Cette même époque vit creuser encore d'autres catacombes destinées à abriter les sépultures chrétiennes. Le cimetière Ostrianum, qui dut naturellement produire de nouvelles galeries, ne pouvait plus suffire à la population chrétienne de Rome. En outre, les nobles personnages qui avaient embrassé la foi devaient songer à construire, pour leur sépulture et celle des membres de leurs familles, qui leur étaient unis de croyance, des hypogées qui fussent à l'abri de toute superstition païenne. Là aussi, elles pouvaient offrir asile à la dépouille mortelle de leurs amis, et pratiquer dans ces lieux funèbres, toujours entourés du respect des Romains, des réunions qui, sans attirer une attention indiscrète, se transformaient aisément en assemblées religieuses.

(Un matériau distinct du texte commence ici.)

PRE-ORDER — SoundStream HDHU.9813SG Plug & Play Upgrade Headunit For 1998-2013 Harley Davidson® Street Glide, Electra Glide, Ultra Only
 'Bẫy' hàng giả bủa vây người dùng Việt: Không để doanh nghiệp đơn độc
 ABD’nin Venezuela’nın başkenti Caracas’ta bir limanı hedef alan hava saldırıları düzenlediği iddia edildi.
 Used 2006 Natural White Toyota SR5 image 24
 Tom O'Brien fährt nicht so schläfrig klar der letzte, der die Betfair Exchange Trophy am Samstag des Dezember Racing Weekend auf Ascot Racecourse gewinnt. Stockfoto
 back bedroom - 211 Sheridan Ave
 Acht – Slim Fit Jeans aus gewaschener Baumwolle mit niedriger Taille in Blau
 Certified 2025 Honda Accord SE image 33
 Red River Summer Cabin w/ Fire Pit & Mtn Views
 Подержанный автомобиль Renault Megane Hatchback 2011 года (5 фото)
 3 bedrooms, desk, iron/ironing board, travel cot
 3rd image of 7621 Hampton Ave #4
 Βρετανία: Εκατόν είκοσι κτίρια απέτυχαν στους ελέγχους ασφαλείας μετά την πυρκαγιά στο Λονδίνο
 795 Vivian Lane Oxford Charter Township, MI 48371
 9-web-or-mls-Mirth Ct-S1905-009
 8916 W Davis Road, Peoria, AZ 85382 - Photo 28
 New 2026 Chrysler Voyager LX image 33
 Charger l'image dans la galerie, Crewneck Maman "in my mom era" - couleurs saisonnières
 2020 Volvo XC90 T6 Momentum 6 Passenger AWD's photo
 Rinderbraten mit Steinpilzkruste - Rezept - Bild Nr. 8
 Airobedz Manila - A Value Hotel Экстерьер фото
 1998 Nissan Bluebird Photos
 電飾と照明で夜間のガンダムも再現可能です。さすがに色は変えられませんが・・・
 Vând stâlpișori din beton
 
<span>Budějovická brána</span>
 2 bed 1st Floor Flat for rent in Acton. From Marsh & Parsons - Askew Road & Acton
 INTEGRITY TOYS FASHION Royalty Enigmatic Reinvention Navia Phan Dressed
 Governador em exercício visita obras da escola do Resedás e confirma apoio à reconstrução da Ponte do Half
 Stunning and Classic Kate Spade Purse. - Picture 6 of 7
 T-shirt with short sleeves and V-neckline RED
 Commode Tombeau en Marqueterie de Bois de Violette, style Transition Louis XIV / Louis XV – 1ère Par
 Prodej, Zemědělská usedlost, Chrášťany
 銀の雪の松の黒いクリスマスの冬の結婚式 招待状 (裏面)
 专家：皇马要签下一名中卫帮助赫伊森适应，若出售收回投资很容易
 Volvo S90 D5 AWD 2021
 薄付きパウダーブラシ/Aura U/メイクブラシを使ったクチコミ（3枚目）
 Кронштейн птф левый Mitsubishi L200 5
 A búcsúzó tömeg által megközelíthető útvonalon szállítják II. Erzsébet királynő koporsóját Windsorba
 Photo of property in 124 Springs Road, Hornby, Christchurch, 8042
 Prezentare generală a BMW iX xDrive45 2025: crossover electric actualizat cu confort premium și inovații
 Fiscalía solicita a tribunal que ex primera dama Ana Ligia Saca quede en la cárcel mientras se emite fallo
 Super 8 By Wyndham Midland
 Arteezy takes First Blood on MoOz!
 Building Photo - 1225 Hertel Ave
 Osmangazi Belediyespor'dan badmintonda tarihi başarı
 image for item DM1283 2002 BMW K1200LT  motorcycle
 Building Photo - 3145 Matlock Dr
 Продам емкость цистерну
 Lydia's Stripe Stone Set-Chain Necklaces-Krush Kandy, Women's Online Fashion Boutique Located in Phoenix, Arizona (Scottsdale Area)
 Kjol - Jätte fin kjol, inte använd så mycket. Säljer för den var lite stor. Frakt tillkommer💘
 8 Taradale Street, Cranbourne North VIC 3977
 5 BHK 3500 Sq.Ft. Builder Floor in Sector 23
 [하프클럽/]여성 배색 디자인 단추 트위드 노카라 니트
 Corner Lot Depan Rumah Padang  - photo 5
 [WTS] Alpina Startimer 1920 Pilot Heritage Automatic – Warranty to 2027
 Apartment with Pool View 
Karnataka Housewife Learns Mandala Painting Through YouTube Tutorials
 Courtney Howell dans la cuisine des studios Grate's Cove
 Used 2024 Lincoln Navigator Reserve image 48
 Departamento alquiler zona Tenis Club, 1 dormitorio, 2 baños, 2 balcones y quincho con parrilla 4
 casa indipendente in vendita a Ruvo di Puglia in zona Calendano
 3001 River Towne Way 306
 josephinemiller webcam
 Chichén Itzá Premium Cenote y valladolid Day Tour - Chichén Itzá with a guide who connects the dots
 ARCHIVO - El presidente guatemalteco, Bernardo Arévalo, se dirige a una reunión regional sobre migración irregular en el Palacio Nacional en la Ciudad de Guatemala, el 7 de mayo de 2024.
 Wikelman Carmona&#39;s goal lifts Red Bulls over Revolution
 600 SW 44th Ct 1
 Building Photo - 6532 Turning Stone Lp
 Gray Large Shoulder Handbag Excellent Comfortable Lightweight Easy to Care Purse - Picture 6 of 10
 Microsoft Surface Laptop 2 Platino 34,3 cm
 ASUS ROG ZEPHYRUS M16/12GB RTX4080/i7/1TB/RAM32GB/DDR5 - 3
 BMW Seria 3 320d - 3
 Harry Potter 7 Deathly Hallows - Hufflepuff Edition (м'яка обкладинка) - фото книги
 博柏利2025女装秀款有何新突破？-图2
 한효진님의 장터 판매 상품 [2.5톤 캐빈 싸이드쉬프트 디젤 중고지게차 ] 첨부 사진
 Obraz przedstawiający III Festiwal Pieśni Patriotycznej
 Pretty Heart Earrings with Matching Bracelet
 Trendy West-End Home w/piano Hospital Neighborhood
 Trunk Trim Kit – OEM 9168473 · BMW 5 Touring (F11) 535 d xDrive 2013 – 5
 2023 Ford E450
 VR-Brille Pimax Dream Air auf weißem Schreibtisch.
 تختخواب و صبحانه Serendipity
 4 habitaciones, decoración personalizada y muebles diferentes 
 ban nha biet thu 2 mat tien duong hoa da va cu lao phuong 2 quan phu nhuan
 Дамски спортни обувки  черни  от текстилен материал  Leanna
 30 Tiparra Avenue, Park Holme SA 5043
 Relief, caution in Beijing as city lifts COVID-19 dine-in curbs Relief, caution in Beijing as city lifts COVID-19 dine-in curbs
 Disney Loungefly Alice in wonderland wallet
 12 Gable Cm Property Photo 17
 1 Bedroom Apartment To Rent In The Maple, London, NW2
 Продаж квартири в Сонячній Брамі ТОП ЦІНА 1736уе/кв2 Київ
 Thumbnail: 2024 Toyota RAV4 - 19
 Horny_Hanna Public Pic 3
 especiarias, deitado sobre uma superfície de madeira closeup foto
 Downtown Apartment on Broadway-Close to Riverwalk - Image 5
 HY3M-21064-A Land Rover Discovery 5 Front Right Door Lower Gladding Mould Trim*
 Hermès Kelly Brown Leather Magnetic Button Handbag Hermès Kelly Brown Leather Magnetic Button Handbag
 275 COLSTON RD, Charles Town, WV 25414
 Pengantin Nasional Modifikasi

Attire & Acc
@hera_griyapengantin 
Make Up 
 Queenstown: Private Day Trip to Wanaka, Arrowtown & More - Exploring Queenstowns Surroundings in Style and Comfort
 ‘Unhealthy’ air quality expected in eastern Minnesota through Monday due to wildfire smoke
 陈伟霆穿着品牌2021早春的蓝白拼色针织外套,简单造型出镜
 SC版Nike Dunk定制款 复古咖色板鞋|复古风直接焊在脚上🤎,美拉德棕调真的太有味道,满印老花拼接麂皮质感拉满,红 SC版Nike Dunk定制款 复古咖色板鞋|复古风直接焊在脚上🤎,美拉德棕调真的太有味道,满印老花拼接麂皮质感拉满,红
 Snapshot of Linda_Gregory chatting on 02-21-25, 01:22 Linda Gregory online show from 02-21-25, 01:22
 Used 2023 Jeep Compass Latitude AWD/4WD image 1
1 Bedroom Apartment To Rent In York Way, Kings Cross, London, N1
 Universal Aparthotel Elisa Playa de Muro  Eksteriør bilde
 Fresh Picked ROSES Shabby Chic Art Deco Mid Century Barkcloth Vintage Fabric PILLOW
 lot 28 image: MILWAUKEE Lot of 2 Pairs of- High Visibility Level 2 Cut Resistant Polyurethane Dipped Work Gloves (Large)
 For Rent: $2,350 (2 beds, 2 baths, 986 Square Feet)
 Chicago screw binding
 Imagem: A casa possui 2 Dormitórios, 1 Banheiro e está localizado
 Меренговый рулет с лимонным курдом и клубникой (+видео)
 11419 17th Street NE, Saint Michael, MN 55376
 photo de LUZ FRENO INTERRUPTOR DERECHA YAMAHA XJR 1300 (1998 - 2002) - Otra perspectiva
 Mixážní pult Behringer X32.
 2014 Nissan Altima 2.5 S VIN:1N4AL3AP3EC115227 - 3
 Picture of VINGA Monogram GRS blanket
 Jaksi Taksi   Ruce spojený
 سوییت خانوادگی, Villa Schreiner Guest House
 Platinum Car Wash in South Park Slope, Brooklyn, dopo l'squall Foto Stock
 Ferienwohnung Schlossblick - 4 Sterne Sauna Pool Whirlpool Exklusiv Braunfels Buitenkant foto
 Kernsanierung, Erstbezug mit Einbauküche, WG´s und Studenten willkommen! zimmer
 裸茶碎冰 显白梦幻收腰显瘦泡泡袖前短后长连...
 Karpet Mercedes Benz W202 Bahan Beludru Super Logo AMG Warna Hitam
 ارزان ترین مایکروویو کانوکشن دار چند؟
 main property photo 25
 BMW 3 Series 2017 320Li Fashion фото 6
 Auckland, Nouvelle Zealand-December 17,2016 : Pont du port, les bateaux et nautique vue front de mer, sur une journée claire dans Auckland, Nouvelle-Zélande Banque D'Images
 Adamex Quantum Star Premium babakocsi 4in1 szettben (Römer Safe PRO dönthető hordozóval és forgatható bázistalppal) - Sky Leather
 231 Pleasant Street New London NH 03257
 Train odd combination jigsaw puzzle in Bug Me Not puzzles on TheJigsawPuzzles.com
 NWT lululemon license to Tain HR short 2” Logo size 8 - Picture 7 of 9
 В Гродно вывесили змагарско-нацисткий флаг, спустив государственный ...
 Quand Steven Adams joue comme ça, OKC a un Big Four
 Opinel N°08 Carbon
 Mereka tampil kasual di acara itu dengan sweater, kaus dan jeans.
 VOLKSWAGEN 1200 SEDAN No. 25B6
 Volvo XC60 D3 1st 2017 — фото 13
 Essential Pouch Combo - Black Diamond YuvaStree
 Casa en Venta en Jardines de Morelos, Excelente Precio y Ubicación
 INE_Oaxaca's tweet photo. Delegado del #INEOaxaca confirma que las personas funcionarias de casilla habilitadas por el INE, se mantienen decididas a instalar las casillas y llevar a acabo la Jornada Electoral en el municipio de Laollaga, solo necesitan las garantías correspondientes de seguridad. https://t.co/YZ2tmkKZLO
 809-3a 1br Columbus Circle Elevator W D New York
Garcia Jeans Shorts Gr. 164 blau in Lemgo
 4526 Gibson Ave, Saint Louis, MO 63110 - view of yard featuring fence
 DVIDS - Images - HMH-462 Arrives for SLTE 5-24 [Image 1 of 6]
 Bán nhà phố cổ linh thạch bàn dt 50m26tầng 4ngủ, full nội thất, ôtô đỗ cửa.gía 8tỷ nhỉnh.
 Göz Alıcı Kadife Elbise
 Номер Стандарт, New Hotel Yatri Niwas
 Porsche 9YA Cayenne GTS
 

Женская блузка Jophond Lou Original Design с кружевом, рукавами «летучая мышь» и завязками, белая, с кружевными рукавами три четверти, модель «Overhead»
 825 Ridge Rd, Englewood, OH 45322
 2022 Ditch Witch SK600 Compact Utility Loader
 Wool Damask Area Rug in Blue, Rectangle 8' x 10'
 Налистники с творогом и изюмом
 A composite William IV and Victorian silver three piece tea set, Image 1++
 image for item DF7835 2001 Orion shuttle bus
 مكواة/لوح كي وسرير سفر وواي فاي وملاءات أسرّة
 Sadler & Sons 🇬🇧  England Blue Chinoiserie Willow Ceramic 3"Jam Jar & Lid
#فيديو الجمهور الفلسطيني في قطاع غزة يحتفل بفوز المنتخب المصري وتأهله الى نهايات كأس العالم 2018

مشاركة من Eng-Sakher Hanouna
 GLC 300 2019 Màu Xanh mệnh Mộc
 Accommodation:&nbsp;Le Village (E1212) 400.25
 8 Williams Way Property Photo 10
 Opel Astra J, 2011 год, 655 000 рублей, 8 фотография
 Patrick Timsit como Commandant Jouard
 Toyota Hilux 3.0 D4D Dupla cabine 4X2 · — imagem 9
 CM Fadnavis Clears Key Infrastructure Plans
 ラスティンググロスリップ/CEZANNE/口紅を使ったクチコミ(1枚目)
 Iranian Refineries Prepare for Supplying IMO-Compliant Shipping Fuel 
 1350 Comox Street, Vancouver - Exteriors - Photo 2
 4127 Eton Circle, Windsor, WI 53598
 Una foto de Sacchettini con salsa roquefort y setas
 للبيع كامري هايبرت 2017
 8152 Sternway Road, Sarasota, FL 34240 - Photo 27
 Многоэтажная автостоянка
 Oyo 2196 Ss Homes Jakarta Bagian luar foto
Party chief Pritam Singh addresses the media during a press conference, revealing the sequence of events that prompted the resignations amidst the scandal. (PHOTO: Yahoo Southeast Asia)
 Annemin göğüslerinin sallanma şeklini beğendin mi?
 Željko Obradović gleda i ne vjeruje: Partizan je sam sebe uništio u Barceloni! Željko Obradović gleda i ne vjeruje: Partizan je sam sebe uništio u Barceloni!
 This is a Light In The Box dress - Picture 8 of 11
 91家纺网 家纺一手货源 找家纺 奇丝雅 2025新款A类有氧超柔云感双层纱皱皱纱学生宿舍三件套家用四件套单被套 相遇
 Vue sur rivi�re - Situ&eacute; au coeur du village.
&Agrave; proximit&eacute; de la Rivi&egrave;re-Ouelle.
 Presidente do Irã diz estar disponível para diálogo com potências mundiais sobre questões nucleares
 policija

La crypte Vaticane était déjà ouverte en l'an 67, puisqu'on put y déposer le corps de Pierre après son martyre. Le zèle ardent de Lucine ne faisait pas défaut dans cette œuvre nouvelle, et nous verrons que, dès la même époque, elle avait déjà ouvert le sol sur plusieurs voies, dans des praedia dont elle avait la propriété. Priscille, l'épouse de Cornélius Pudens, qui nous est déjà connue, commençait en même temps sur la voie Salaria la crypte qui porte son nom dès la plus haute antiquité. Tels étaient les premiers essais de Rome souterraine, en ces années où Pierre tenait encore en ses mains augustes le gouvernail du vaisseau de l'Eglise.
Ainsi le christianisme dans Rome florissait et se développait sans qu'aucune entrave politique eût jusqu'ici menacé ses progrès. Le seul obstacle qu'il rencontrait, et qu'il devait vaincre, était l'impopularité. Le Seigneur l'avait annoncé lui-même : "Vous serez en haine à tous, avait-il dit, à cause de mon nom". (Matth., X.). Un homme de la société polie de Rome, Tacite, témoigne, sans s'en douter, de l'accomplissement littéral de cette prophétie, lorsqu'il nous désigne les chrétiens, sous Néron, comme "chargés de la haine du genre humain" (Annal., XV.). Les odieuses et absurdes calomnies qui furent lancées sur eux, et qui obtinrent créance, sous les Antonins, dans tout l'Empire, n'avaient cependant pas encore été produites. En attendant, un instinct suscité par l'ennemi de Dieu et des hommes s'irritait contre ce que le monde appelait "la superstition étrangère", et un préjugé sauvage repoussait avec horreur des citoyens qui ne cherchaient qu'à s'effacer, et qui remplissaient avec la plus entière fidélité les devoirs privés et les obligations sociales. On apprenait que leur nombre s'accroissait sans cesse, et que ce n'était pas seulement dans les classes populaires que se rencontraient les sectateurs de la nouvelle religion.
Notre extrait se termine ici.